Son vrai nom est cimetière du Nord et il a été inauguré en 1825. Il s’étend sur 11 hectares, à l’emplacement d’anciennes carrières de gypse qui fournissaient Paris en plâtre pour la construction. Comme tous les cimetières anciens, il est joli. Comme dans tous les cimetières parisiens, les pensionnaires illustres sont nombreux. À l’initiative de la Ville de Paris, une étude est engagée qui devrait aboutir à son classement.

 

Où se restaurer ?
Au café de la Halle Saint-Pierre

© Halle Saint-Pierre

Les lieux où manger ne manquent pas à Montmartre mais pour un déjeuner léger ou un en-cas à l’heure du thé, le café de la Halle Saint-Pierre constitue une halte agréable. On y sert des tartes salées, des tortillas ou des soupes, des pâtisseries, et un vrai chocolat chaud. La Halle est un musée consacré à l’art brut qui abrite également une librairie spécialisée.

Ouvert de 11h à 18h.

www.hallesaintpierre.org

 

Que rapporter ?

Une bouteille de Clos Montmartre

En 1934, une petite vigne est plantée au coin de la rue des Saules et de la rue Saint-Vincent. On y trouve alors divers cépages venus des différentes régions viticoles françaises. Depuis quelques années, on privilégie le gamay et le pinot noir lorsqu’il faut remplacer des pieds. On vinifie bon an mal an 800 litres de breuvage dans les caves de la mairie du 18e. À 50 euros les 50 cl, l’ivresse n’est pas donnée mais ce produit « made in Paris » est rare et son négoce finance de justes causes puisque le produit de la vente va à des œuvres sociales.

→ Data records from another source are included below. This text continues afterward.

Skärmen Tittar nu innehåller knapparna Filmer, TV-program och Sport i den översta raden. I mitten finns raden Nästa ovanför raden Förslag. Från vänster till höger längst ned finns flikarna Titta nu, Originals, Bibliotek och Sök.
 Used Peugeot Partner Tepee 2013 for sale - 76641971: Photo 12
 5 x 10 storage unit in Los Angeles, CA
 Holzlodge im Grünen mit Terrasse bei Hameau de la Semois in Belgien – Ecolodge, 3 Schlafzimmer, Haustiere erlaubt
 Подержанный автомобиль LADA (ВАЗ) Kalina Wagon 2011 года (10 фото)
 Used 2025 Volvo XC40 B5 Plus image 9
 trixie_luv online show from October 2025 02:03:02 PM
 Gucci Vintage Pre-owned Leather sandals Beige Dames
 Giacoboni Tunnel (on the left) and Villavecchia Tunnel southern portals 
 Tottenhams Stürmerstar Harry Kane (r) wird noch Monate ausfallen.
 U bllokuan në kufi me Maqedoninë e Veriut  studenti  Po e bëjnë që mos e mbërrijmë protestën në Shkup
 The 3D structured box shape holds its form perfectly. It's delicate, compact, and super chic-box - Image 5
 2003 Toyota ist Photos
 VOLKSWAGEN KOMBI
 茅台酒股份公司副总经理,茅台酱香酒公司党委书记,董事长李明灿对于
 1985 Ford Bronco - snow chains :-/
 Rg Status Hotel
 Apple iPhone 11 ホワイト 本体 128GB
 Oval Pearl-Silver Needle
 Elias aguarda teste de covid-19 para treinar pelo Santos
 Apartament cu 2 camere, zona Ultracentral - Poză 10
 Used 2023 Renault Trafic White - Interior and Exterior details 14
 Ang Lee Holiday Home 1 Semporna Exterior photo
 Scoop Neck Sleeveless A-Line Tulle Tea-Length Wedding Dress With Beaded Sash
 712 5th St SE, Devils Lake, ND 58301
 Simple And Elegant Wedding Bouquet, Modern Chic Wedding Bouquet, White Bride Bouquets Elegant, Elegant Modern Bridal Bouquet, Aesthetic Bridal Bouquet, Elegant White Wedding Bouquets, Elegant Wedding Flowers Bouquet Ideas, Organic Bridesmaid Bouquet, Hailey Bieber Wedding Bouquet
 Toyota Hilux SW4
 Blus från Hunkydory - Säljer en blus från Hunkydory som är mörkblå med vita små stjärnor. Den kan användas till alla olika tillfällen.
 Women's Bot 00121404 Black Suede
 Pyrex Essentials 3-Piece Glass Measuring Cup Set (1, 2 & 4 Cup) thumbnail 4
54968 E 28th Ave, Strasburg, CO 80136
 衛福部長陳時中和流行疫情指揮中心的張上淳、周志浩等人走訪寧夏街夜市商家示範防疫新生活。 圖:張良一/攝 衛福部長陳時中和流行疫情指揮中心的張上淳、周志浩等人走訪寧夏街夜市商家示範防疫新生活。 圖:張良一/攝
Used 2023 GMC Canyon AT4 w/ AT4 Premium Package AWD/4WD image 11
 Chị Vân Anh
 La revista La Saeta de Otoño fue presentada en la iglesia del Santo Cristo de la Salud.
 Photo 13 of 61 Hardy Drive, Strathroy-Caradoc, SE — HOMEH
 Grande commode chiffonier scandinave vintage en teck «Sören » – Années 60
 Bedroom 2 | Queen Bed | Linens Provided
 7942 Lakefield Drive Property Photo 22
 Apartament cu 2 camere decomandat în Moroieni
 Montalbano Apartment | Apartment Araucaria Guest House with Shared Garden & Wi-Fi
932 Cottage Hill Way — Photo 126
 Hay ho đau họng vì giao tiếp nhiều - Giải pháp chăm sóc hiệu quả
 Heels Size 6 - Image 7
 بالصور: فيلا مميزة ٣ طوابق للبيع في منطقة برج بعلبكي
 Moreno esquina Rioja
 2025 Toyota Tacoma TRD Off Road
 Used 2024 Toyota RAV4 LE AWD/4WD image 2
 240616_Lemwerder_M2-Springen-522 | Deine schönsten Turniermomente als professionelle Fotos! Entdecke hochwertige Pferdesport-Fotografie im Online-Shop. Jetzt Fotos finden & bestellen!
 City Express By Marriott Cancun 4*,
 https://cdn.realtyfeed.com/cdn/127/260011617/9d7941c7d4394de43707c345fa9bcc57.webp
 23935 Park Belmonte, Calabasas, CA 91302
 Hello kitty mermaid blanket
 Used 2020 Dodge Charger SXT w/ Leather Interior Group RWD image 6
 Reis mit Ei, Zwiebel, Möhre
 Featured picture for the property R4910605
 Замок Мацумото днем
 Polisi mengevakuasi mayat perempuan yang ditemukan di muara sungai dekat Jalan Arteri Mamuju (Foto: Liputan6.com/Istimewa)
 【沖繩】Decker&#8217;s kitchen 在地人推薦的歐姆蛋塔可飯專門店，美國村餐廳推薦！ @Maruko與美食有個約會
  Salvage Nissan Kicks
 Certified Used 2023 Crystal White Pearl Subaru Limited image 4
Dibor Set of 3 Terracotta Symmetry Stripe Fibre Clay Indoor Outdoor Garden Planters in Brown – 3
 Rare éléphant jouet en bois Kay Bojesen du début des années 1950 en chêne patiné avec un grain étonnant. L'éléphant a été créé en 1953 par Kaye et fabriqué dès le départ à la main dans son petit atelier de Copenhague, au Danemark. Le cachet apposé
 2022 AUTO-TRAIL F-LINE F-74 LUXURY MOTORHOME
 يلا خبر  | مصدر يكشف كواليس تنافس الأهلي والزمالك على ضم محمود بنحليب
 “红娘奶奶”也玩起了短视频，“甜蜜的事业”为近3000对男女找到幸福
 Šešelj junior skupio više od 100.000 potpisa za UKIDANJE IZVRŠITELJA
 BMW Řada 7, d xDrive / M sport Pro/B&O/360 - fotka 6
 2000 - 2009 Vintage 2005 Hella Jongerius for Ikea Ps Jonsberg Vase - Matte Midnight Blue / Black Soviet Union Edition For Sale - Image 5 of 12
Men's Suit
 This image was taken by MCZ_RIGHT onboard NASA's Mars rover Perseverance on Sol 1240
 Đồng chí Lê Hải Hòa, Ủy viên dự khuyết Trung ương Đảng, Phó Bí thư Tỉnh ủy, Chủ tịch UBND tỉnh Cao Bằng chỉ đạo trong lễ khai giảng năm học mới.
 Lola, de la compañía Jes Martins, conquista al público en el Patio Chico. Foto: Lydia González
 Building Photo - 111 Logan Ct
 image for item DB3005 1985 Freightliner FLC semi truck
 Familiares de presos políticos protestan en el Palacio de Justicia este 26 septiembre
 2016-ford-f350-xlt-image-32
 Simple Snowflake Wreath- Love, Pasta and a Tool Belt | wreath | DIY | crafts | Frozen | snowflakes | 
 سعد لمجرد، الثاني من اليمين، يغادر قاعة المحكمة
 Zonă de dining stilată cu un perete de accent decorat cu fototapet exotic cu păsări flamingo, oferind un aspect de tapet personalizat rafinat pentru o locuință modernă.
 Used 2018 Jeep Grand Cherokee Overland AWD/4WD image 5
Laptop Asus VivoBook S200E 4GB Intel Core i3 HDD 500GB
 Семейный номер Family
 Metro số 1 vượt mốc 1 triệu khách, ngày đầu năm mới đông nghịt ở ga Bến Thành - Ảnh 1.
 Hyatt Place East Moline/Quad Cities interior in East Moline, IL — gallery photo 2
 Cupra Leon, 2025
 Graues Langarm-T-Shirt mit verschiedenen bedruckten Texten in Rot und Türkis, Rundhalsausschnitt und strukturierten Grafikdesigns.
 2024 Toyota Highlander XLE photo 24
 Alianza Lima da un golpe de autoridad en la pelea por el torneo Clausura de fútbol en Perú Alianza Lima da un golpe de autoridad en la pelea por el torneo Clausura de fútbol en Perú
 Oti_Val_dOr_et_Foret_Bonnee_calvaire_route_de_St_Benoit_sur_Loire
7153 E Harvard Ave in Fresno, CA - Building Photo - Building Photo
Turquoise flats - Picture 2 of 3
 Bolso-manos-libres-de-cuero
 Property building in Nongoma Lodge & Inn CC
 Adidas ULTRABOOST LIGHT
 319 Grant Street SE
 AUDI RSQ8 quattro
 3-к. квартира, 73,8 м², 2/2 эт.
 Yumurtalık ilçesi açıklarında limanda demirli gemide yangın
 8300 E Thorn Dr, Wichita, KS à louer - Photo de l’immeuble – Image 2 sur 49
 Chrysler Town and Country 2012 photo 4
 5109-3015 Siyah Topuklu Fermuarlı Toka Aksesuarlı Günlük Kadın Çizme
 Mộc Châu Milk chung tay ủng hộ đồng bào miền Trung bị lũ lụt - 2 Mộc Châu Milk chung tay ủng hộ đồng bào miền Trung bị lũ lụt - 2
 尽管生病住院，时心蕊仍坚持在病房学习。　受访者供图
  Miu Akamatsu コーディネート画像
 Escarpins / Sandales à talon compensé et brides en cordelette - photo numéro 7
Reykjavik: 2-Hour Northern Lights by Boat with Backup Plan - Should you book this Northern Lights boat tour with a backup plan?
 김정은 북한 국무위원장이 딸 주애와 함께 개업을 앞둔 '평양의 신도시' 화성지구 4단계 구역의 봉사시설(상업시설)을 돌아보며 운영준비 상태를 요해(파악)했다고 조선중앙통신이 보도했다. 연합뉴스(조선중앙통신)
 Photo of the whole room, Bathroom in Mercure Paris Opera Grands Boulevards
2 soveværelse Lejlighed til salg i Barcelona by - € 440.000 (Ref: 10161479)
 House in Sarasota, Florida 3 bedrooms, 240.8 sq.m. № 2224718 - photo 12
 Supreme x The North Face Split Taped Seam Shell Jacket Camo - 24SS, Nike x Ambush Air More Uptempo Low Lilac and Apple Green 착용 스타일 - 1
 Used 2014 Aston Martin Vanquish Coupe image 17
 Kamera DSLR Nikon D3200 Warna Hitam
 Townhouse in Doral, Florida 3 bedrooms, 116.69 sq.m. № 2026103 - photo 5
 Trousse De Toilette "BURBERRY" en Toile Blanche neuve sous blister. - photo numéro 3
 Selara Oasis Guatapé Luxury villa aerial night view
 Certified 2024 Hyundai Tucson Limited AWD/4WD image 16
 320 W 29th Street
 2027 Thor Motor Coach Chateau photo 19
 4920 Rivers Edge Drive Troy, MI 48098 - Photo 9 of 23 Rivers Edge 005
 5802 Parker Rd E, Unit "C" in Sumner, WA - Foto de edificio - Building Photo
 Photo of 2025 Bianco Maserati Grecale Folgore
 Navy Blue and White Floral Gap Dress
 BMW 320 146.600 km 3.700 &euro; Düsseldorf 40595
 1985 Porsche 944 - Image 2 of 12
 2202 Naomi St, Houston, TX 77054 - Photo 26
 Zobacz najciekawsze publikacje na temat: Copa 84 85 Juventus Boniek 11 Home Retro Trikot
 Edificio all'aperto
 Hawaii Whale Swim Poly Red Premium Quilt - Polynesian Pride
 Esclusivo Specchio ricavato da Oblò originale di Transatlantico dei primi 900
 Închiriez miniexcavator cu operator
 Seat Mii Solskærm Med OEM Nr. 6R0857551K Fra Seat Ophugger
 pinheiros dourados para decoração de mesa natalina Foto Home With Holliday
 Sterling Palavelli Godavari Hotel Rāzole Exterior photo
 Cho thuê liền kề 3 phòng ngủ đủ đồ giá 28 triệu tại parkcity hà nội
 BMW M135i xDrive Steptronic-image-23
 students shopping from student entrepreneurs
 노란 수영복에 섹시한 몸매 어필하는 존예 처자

Les bouteilles sont vendues au syndicat d’initiative de Montmartre, place du Tertre, où l’on peut également prendre langue avec Jean-Manuel Gabert, guide-conférencier qui détient une clef ouvrant la porte de la vigne de Montmartre.

 

Un boa en plumes

Quand on a besoin, au pied levé, d’un boa en plumes, on ne pense pas toujours au marché Saint-Pierre et aux boutiques environnantes. Ici est proposé un choix immense de tissus à prix doux, d’articles de mercerie… et de boas de toutes les couleurs.

Dans les rues situées autour de la place Saint-Pierre.